== Assignment ==
In the entries below, find the line containing "Puede incluir: Un" and the line containing "Members of the". Copy those two lines and everything between them exactly, without the pictures.

== Provided data ==
======

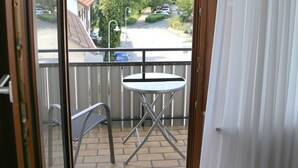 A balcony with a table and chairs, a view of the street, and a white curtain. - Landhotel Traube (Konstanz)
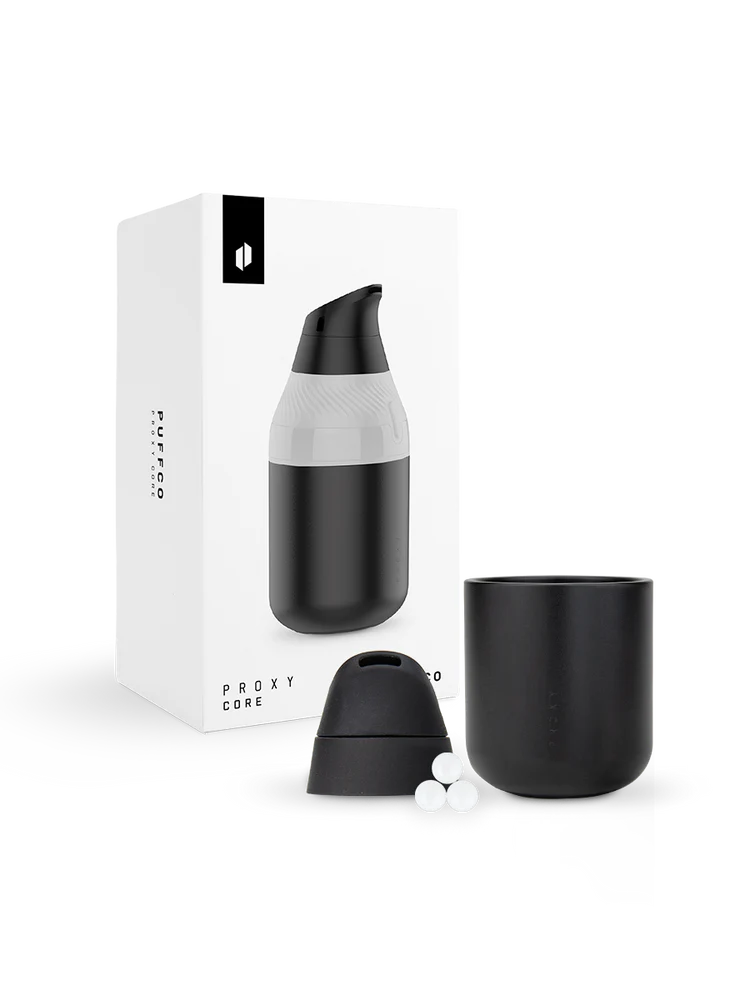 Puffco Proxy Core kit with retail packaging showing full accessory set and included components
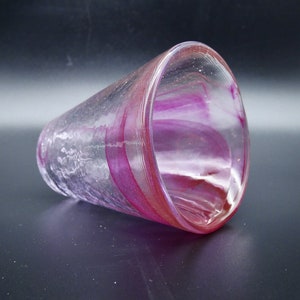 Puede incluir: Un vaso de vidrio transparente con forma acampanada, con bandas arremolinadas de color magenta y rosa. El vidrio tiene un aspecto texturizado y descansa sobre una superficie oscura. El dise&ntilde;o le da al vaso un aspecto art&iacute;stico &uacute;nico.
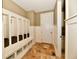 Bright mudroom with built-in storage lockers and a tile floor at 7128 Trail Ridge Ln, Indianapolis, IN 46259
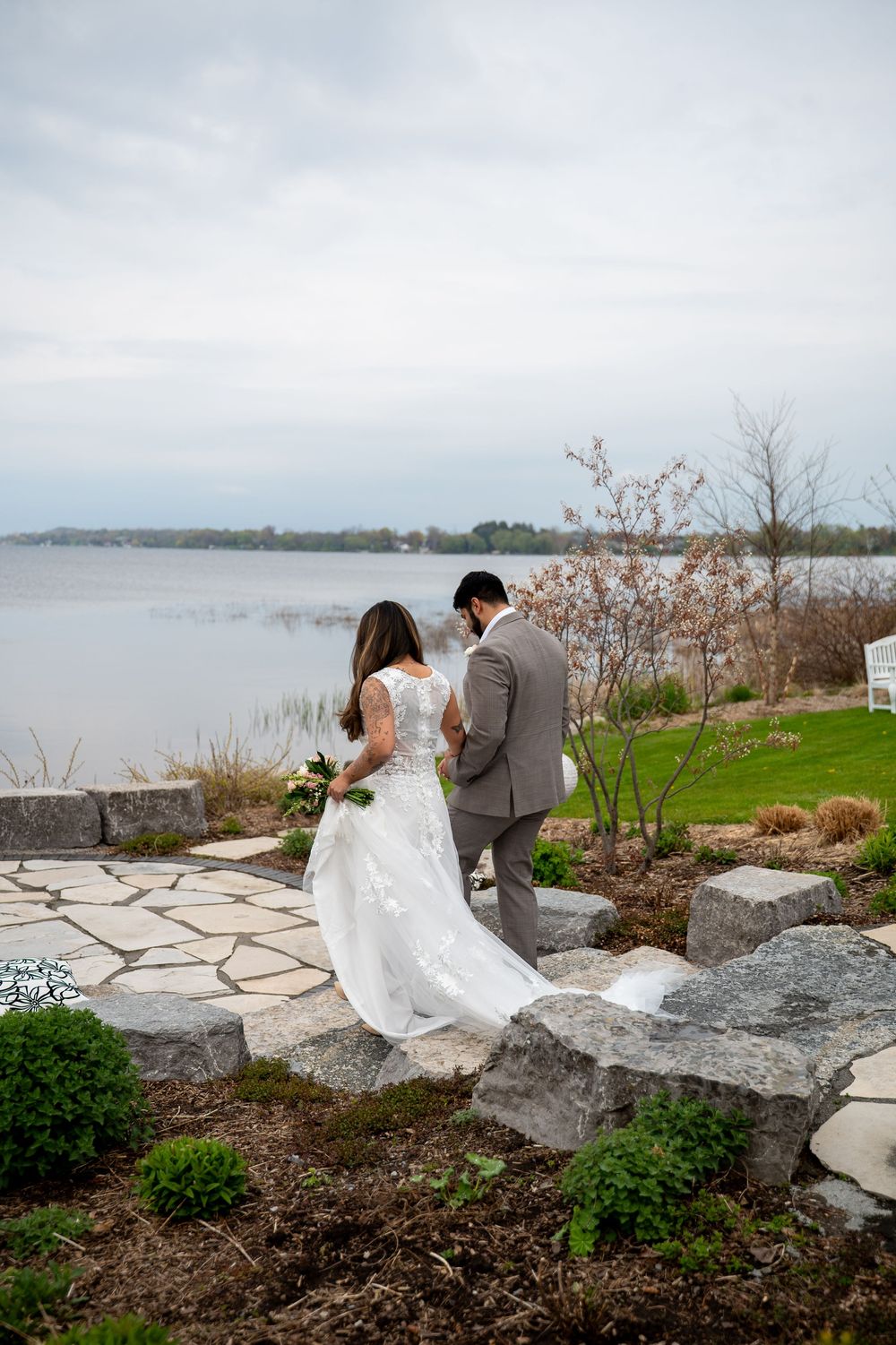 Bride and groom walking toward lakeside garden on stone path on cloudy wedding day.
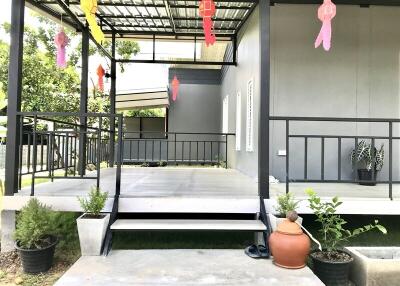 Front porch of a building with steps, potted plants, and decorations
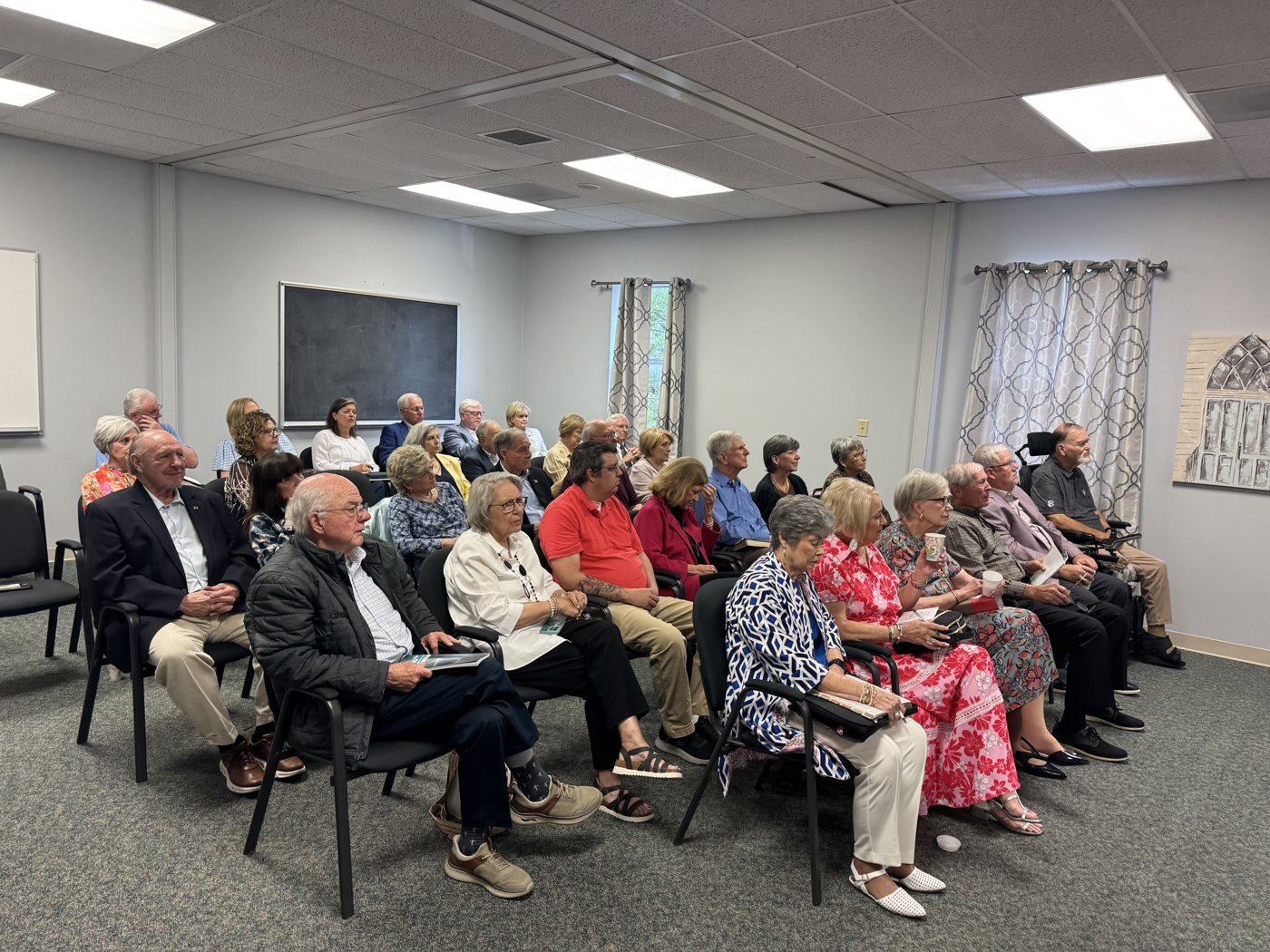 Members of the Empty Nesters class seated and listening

======

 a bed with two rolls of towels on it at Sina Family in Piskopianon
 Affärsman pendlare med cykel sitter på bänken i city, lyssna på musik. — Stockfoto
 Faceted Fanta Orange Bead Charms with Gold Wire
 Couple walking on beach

======

== Problem solution ==
 Puede incluir: Un vaso de vidrio transparente con forma acampanada, con bandas arremolinadas de color magenta y rosa. El vidrio tiene un aspecto texturizado y descansa sobre una superficie oscura. El dise&ntilde;o le da al vaso un aspecto art&iacute;stico &uacute;nico.
 Bright mudroom with built-in storage lockers and a tile floor at 7128 Trail Ridge Ln, Indianapolis, IN 46259
 Bride and groom walking toward lakeside garden on stone path on cloudy wedding day.
 Front porch of a building with steps, potted plants, and decorations
 Members of the Empty Nesters class seated and listening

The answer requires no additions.